Oyunun bütününe bir döngü hâkim diyebiliriz. 1971’de demansı olan babaanneyle ilgilenen Ali İhsan’ın 2020’de demansla karşımıza çıkması, sokağa çıkma yasaklarının tekrarı buna örnek verilebilir. İnsanın doğayla olan ilişkisine de örnekler mevcut. Köprü yaparak denizi aşıp birbirine daha çabuk ulaşan insanlar 2020’de bu kez doğaya yenik düşerek pandemiyle birbirinden uzaklaşıyor. Yine doğanın ürünü fındık elden ele geziyor, yıllar geçiyor ve her zaman demansa şifa oluyor. Öyle ki her fındık yendiğinde hayattan bir parça hatırlanıyor.

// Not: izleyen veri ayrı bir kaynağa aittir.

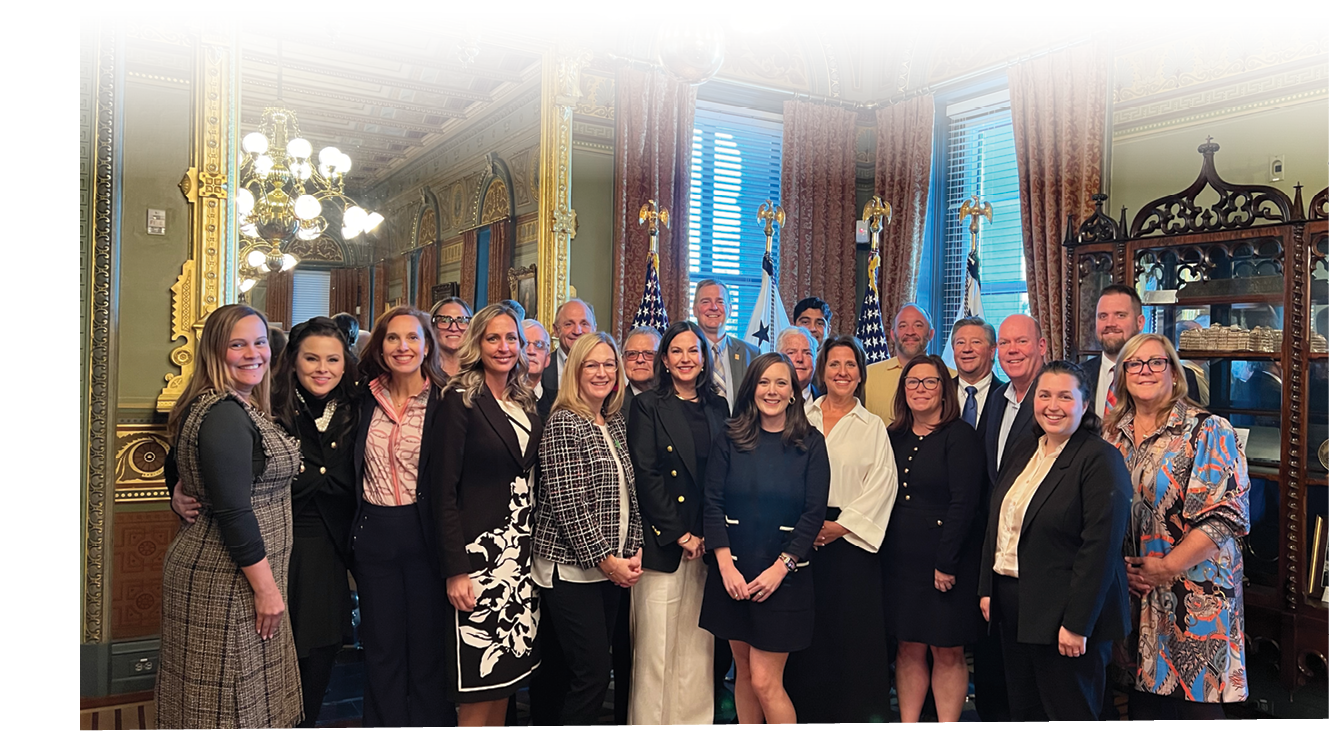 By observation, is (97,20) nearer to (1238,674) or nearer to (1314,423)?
(1238,674)

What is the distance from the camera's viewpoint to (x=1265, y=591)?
4324 millimetres

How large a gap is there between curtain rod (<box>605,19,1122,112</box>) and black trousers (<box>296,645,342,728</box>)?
4.03 meters

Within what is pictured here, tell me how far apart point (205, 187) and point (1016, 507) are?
370cm

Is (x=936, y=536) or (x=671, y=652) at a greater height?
(x=936, y=536)

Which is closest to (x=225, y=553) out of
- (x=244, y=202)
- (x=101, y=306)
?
(x=101, y=306)

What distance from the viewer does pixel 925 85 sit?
6957 mm

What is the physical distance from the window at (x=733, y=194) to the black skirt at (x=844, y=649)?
3662 millimetres

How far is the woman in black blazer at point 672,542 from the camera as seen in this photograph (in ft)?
10.5

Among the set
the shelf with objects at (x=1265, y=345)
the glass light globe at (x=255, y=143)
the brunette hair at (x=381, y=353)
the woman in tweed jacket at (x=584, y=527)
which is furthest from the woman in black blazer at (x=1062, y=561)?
the glass light globe at (x=255, y=143)

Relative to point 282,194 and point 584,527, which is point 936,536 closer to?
point 584,527

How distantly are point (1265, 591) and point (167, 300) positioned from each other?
526 centimetres

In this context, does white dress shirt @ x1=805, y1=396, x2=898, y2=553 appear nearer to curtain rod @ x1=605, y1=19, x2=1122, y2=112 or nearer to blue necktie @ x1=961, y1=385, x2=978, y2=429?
blue necktie @ x1=961, y1=385, x2=978, y2=429

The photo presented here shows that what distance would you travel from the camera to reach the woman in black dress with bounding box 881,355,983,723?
10.7 feet

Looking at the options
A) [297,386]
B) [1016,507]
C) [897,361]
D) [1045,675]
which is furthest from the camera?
[897,361] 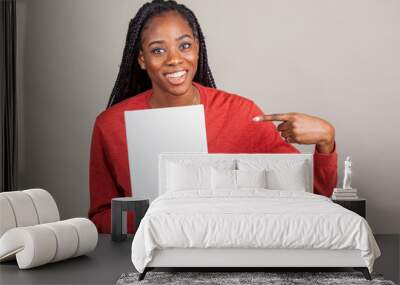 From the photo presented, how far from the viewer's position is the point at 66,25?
7012mm

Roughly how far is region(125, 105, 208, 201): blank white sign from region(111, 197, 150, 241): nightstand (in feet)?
1.54

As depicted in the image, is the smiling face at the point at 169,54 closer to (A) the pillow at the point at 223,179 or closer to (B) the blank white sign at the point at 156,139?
(B) the blank white sign at the point at 156,139

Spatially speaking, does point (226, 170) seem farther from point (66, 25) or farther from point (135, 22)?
point (66, 25)

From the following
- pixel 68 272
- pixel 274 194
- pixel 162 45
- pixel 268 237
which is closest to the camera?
pixel 268 237

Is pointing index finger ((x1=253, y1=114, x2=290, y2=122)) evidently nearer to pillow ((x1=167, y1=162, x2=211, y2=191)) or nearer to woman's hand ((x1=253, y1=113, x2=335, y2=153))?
woman's hand ((x1=253, y1=113, x2=335, y2=153))

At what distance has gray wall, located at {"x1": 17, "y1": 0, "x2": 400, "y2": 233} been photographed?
6.91 metres

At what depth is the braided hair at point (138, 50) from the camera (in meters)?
6.91

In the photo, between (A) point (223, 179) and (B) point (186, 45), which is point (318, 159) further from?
(B) point (186, 45)

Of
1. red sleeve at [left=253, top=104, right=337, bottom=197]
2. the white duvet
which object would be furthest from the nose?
the white duvet

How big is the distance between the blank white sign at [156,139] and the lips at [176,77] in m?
0.27

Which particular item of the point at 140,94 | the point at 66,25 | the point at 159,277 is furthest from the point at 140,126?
the point at 159,277

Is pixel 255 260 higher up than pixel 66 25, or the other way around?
pixel 66 25

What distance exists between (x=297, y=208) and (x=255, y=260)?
0.51 meters

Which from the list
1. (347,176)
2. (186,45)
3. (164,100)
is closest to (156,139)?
(164,100)
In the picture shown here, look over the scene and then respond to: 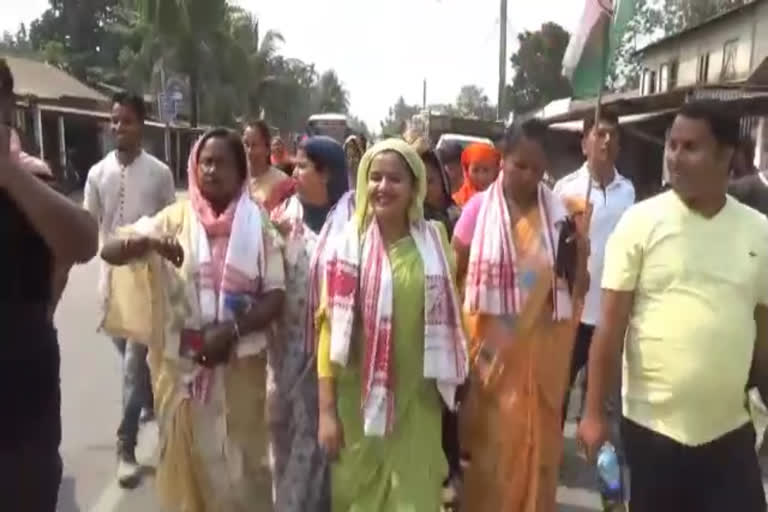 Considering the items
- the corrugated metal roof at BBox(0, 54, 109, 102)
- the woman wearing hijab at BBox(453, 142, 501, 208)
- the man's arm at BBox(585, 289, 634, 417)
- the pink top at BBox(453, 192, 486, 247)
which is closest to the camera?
the man's arm at BBox(585, 289, 634, 417)

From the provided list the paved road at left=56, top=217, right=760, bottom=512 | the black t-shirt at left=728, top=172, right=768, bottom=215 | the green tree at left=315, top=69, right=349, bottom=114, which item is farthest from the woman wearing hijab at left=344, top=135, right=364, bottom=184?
the green tree at left=315, top=69, right=349, bottom=114

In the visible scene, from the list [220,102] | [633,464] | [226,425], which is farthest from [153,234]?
[220,102]

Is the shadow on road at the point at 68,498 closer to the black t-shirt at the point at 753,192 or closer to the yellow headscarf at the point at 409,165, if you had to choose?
the yellow headscarf at the point at 409,165

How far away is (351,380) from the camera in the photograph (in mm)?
3619

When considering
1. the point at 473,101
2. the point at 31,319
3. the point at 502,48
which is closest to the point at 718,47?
the point at 502,48

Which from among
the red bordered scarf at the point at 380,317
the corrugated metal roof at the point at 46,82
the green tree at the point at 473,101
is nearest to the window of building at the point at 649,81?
the corrugated metal roof at the point at 46,82

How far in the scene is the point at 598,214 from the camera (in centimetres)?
556

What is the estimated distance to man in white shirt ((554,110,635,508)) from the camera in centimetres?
549

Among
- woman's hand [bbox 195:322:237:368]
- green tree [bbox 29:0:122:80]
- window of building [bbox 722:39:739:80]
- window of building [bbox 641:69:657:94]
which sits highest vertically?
green tree [bbox 29:0:122:80]

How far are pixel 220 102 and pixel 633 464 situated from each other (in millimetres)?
36818

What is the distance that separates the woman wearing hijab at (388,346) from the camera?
354cm

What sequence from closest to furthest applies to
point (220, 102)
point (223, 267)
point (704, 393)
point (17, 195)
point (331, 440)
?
point (17, 195) → point (704, 393) → point (331, 440) → point (223, 267) → point (220, 102)

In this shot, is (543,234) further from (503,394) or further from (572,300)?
(503,394)

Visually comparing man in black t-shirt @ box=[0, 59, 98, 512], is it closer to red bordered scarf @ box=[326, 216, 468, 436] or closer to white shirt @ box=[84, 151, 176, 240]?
red bordered scarf @ box=[326, 216, 468, 436] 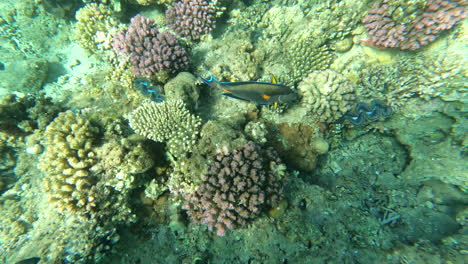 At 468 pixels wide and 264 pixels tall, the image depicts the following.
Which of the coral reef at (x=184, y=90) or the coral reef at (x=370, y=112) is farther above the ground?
the coral reef at (x=184, y=90)

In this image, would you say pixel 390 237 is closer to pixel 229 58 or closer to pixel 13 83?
pixel 229 58

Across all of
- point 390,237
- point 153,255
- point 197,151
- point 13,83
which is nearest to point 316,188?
point 390,237

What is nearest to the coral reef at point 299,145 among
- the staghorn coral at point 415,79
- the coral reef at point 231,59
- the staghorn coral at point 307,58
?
the staghorn coral at point 307,58

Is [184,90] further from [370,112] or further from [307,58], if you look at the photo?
[370,112]

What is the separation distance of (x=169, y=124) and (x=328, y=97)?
3.77 m

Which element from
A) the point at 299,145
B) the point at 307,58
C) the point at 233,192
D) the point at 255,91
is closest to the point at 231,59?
the point at 255,91

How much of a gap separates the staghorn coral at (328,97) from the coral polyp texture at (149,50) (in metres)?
3.15

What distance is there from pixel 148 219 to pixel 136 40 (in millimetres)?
4221

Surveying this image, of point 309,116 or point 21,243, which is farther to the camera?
point 309,116

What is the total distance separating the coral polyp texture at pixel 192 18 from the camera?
5.60 m

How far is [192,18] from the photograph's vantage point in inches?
222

Geçen yıllarla iletişim şeklinin değişimi de bariz şekilde ortada. 1971’de sabit telefon çok kıymetli. Cep telefonunun olmayışından arama yapmak her zaman mümkün değil. Eğer telefon çalıyorsa verilen haber de telefona ulaşabilmek kadar önemli. Zaten Ali İhsan’ın o telefonun başında bekleyişinden, babaannesinin tatlı sabotajlarına rağmen telefonla konuşmasından bunu hissetmek mümkün. 2020’de aynı Ali İhsan uzun arayışlar sonucu sosyal medya hesabının şifresini buluyor ve gayretle yakın arkadaşına buradan mesaj gönderiyor. Fanatik Fenerbahçe taraftarı olup sevdiği kadın Beşiktaş’ı tuttuğu için şifresine “1903” eklemesi de onun sevgiye ne kadar nahif yaklaştığını gösteriyor.
“Söylenecek şey bazen öyle bir raddeye ulaşır ki fındığım, hangi kelimeyi koysan kifayetsiz kalır. İşte orada şarkıya terennüm girer.”
Oyunun bence en duygusal sahnesi boş fotoğraf karelerine bakıp dünyaların kurulduğu sahne. Yenen her bir fındık babaanneye öyle bir şifa oluyor ki değil hatırlamak, artık baktığı yerde en güzel hatıralarını görüyor. Bakmak ve görmek arasındaki fark en iyi böyle anlatılabilirdi.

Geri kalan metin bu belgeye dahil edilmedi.